WORK REQUIRED. Copy the data exactly as it appears, and do not include any pictures.

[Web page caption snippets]
*** Block opens ***

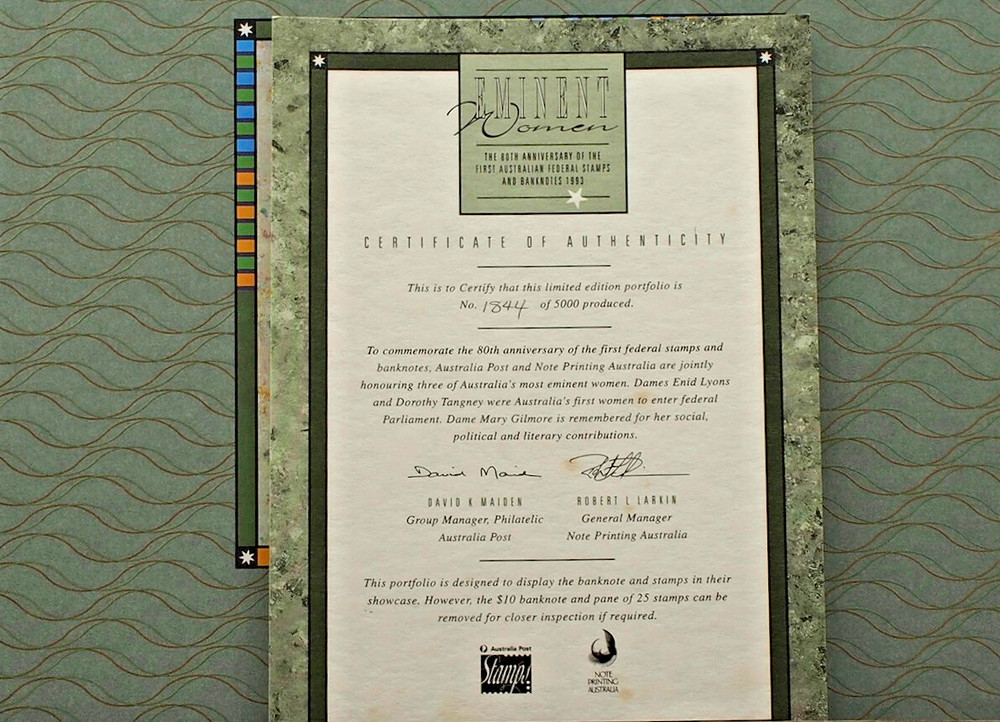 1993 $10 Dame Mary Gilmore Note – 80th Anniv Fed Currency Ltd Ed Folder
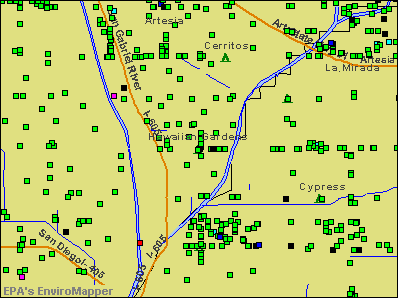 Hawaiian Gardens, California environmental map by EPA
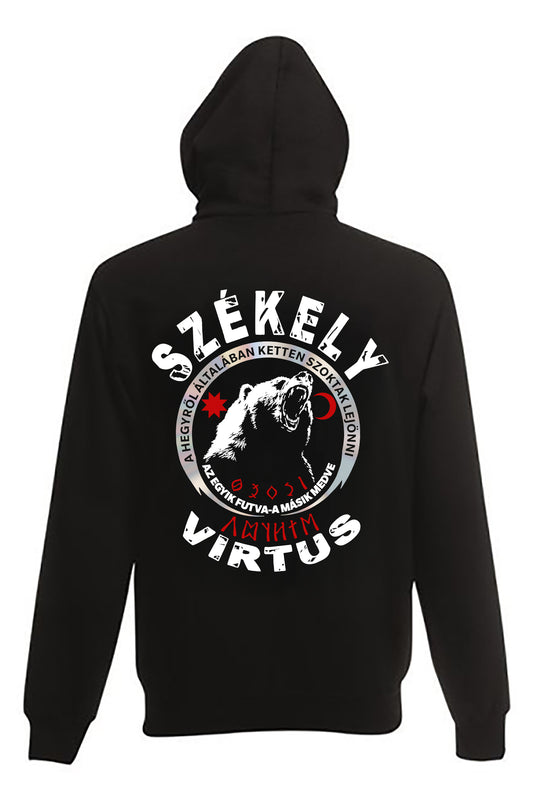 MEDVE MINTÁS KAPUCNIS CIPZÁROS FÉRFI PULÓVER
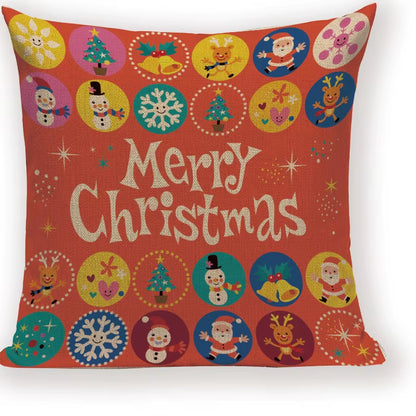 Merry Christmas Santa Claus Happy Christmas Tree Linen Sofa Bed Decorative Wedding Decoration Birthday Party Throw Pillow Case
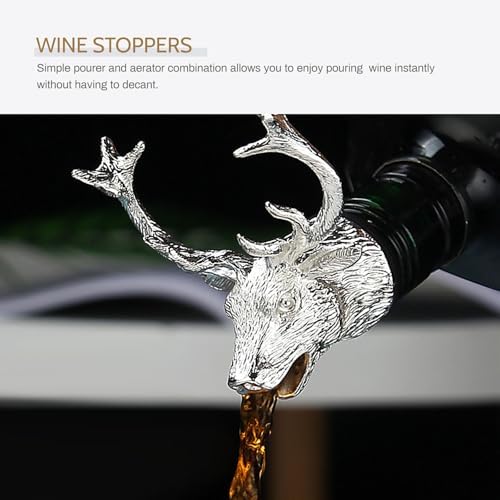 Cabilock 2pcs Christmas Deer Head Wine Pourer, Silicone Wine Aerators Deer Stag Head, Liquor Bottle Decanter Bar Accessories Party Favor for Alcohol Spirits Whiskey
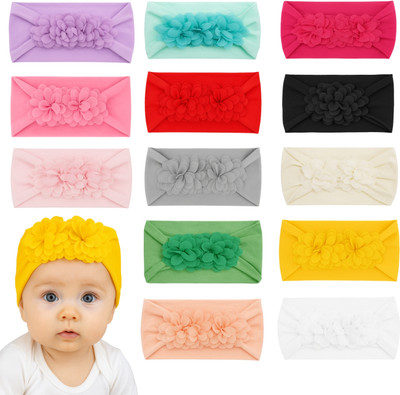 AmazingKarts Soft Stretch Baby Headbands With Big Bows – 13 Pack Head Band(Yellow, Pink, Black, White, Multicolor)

*** Block closes ***

YOUR RESPONSE.
 1993 $10 Dame Mary Gilmore Note – 80th Anniv Fed Currency Ltd Ed Folder
 Hawaiian Gardens, California environmental map by EPA
 MEDVE MINTÁS KAPUCNIS CIPZÁROS FÉRFI PULÓVER
 Merry Christmas Santa Claus Happy Christmas Tree Linen Sofa Bed Decorative Wedding Decoration Birthday Party Throw Pillow Case
 Cabilock 2pcs Christmas Deer Head Wine Pourer, Silicone Wine Aerators Deer Stag Head, Liquor Bottle Decanter Bar Accessories Party Favor for Alcohol Spirits Whiskey
 AmazingKarts Soft Stretch Baby Headbands With Big Bows – 13 Pack Head Band(Yellow, Pink, Black, White, Multicolor)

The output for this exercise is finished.